## To do:
Leave the pictures out. Retype exactly the lines below from the one containing "Mizuno Batai uždaroms" through the one containing "玛戈隆特6人份丝路盛宴骨瓷茶具套装 商品图1", and no others.

## Supplied material:
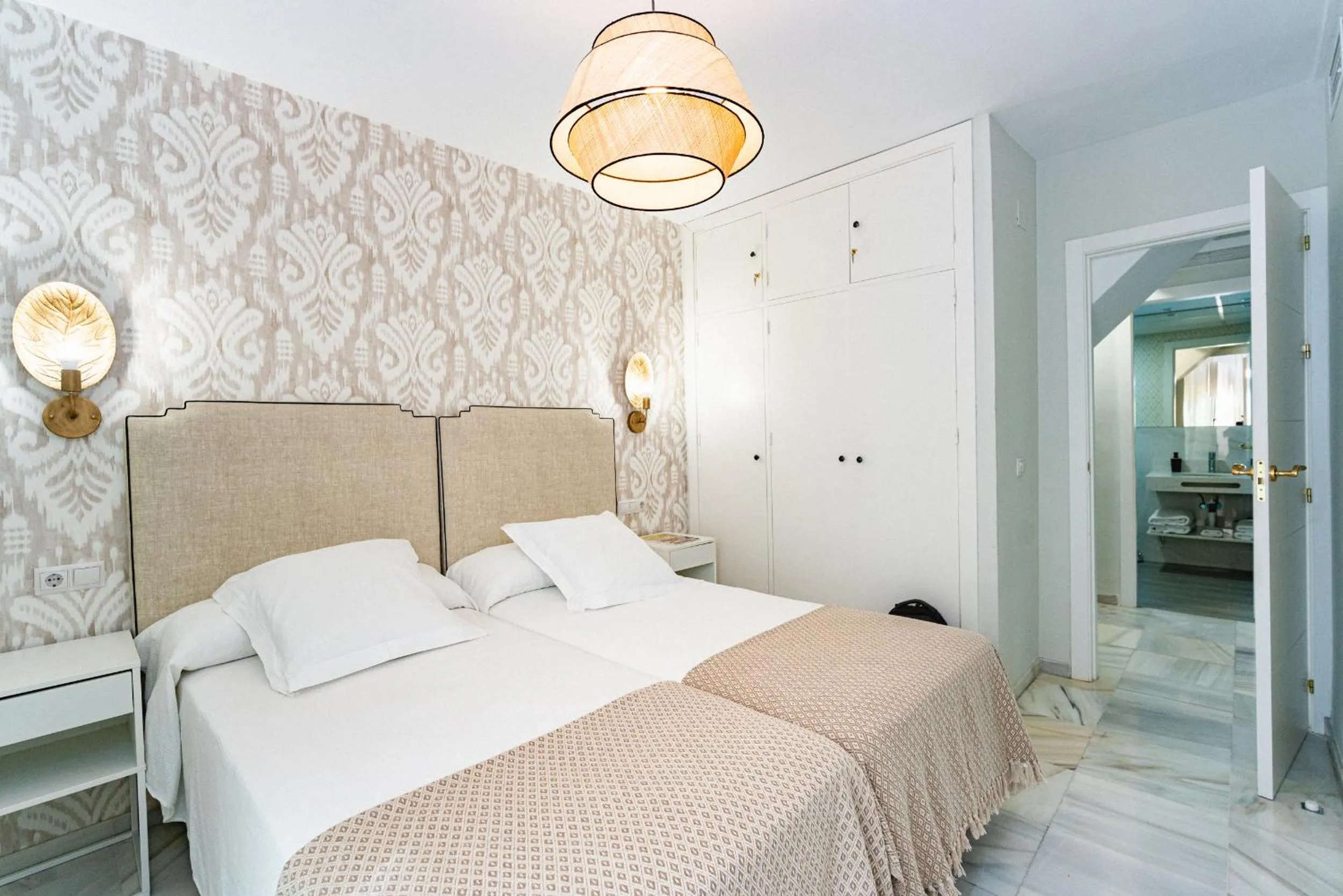 Bed in San Clemente House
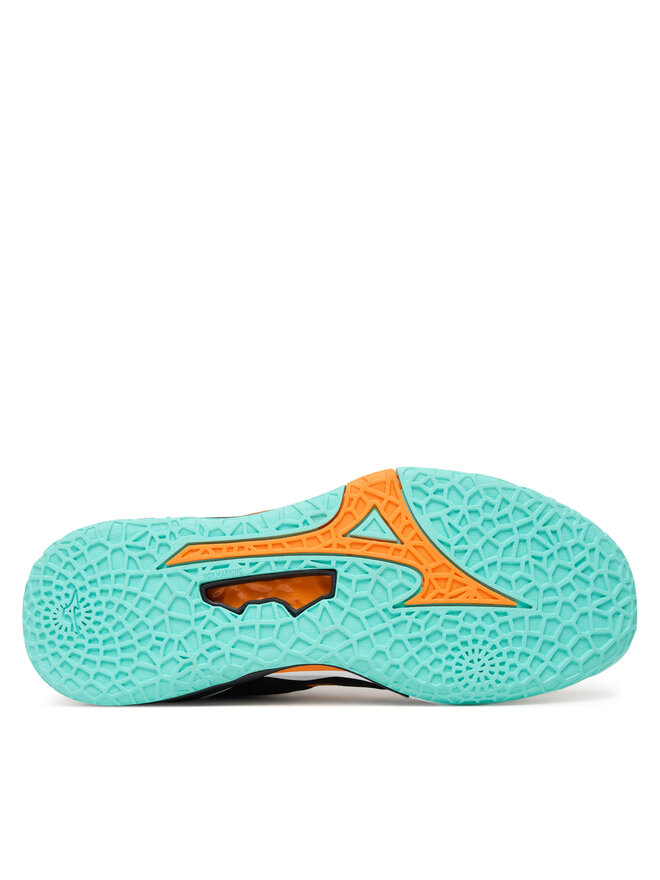Mizuno Batai uždaroms aikštelėms Mizuno Wave Stealth Neo 2 X1GA2400 Juoda
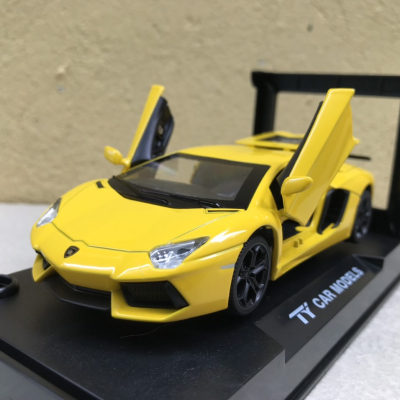 Mô hình xe ô tô Lamborghini Aventador LP740 tỷ lệ 1:32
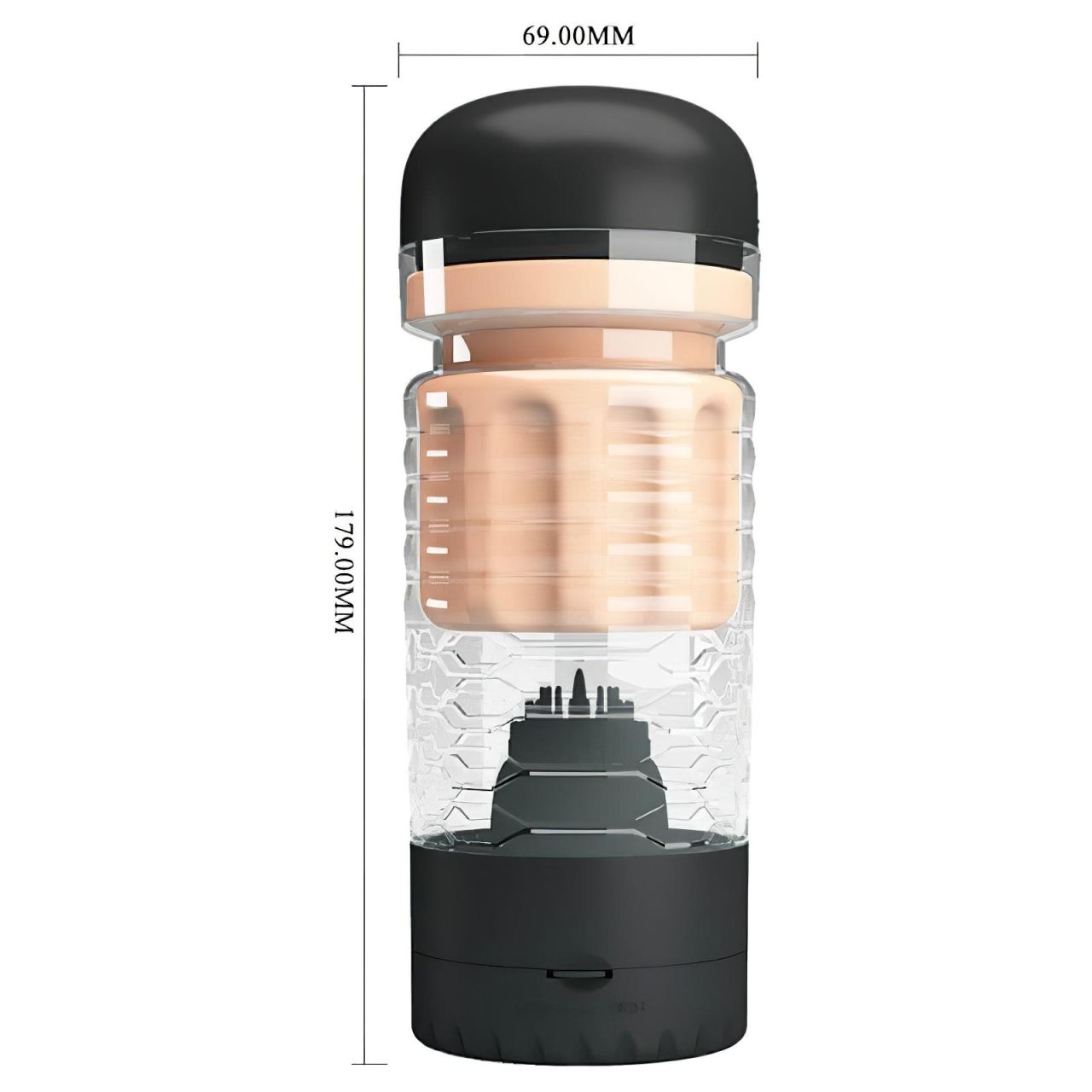 Pretty Love Emily - élethű műpunci maszturbátor (fekete) Pretty Love Emily - élethű műpunci maszturbátor (fekete)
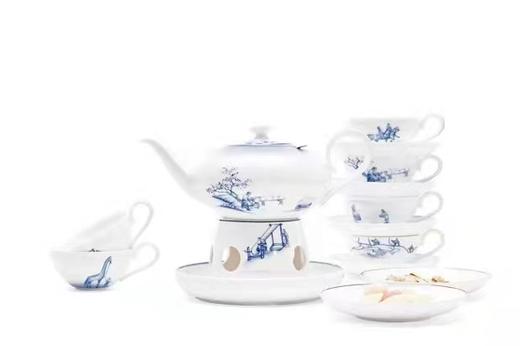 玛戈隆特6人份丝路盛宴骨瓷茶具套装 商品图1
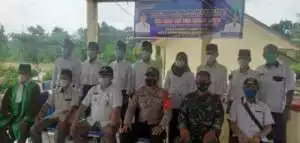 Camat Lubai Ulu Melantik Ketua Dan Anggota BPD Desa Karang Agung Dan Leca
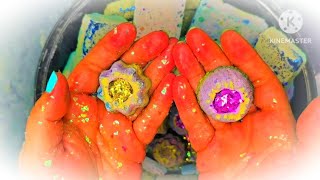 #dusty #crispy #reformedgymchalk #golden #iridescent & #pink #confetti #satisfying #asmr #crush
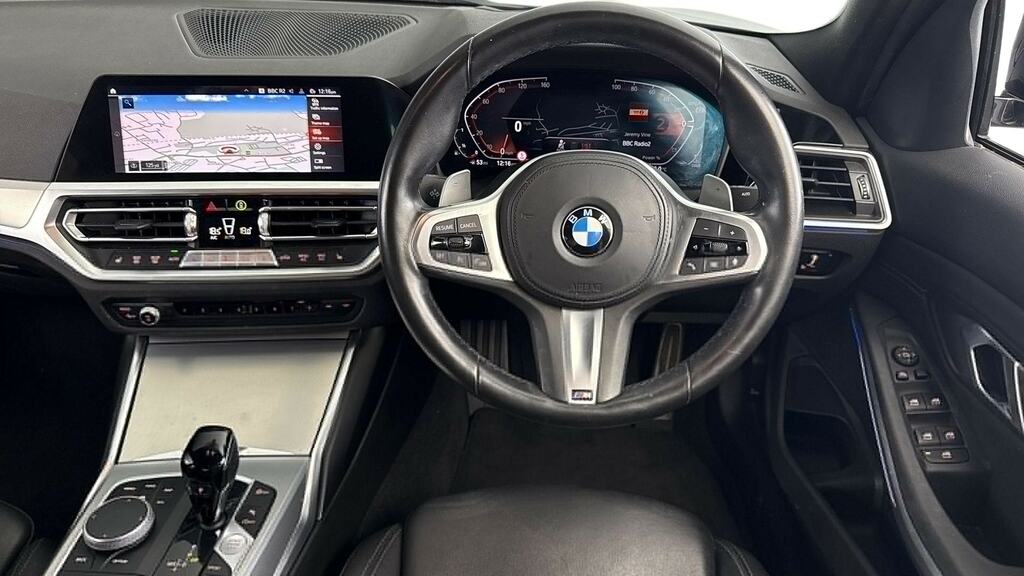 BMW 3 Series 330I M Sport Step Tech Pack KP71PKY Black #5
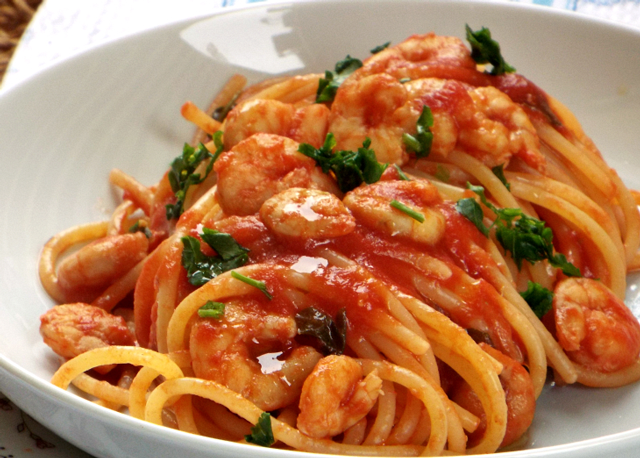 Sauce Pâtes aux Crevettes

## Task output:
Mizuno Batai uždaroms aikštelėms Mizuno Wave Stealth Neo 2 X1GA2400 Juoda
 Mô hình xe ô tô Lamborghini Aventador LP740 tỷ lệ 1:32
 Pretty Love Emily - élethű műpunci maszturbátor (fekete) Pretty Love Emily - élethű műpunci maszturbátor (fekete)
 玛戈隆特6人份丝路盛宴骨瓷茶具套装 商品图1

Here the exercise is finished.